- **Data excerpts**
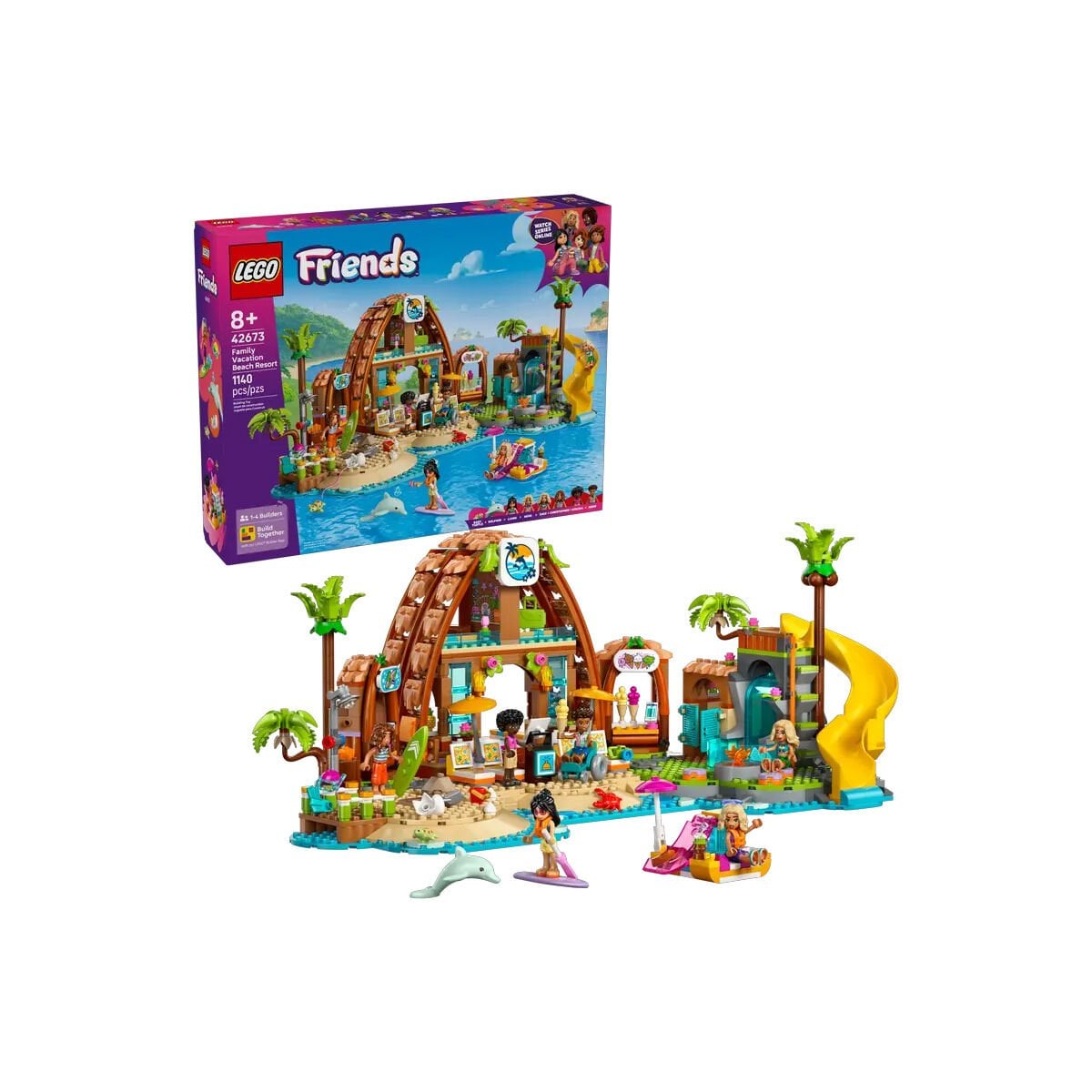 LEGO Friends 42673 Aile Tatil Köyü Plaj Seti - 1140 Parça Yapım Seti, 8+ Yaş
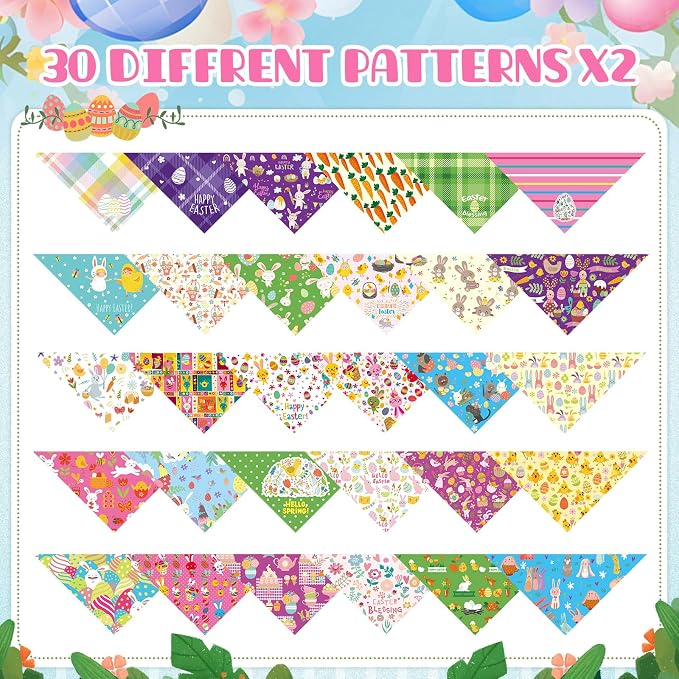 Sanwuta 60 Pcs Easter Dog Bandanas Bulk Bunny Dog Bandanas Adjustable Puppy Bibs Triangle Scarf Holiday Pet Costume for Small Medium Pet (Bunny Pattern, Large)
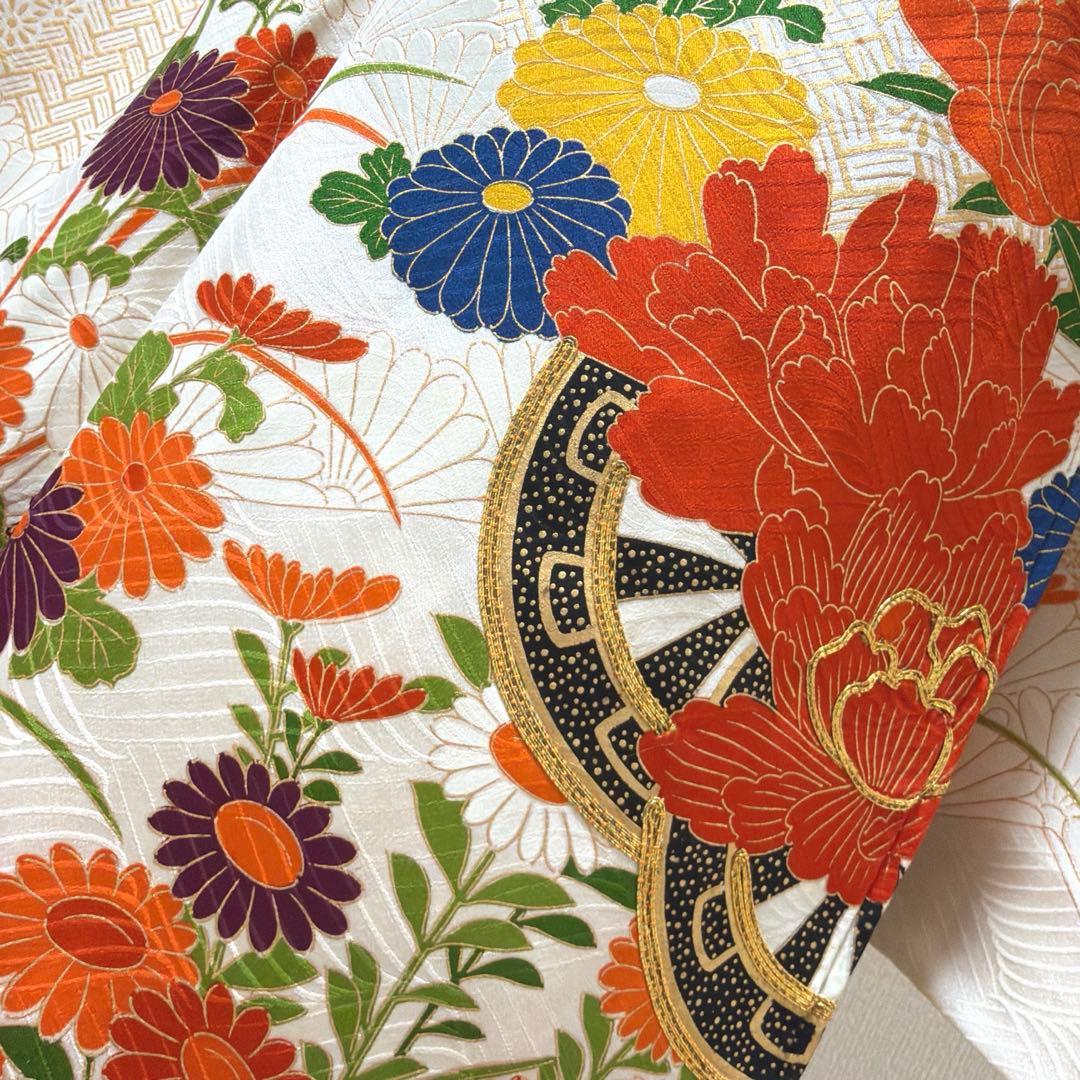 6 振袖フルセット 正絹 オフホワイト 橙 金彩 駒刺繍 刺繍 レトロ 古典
...
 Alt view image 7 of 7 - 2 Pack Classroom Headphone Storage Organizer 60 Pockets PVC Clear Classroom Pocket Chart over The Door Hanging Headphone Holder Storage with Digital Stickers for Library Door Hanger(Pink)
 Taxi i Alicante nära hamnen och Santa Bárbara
---
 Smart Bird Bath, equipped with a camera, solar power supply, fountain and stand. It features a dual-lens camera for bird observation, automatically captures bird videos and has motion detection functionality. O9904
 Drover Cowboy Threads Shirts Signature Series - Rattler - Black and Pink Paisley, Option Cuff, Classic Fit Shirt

- **Exercise objective**
Taking the material above, give again exactly the lines from the one holding "LEGO Friends 42673" through the one holding "6 振袖フルセット 正絹 オフホワイト 橙 金彩 駒刺繍 刺繍 レトロ 古典", with both ends and without pictures.

- **Answer section**
 LEGO Friends 42673 Aile Tatil Köyü Plaj Seti - 1140 Parça Yapım Seti, 8+ Yaş
 Sanwuta 60 Pcs Easter Dog Bandanas Bulk Bunny Dog Bandanas Adjustable Puppy Bibs Triangle Scarf Holiday Pet Costume for Small Medium Pet (Bunny Pattern, Large)
 6 振袖フルセット 正絹 オフホワイト 橙 金彩 駒刺繍 刺繍 レトロ 古典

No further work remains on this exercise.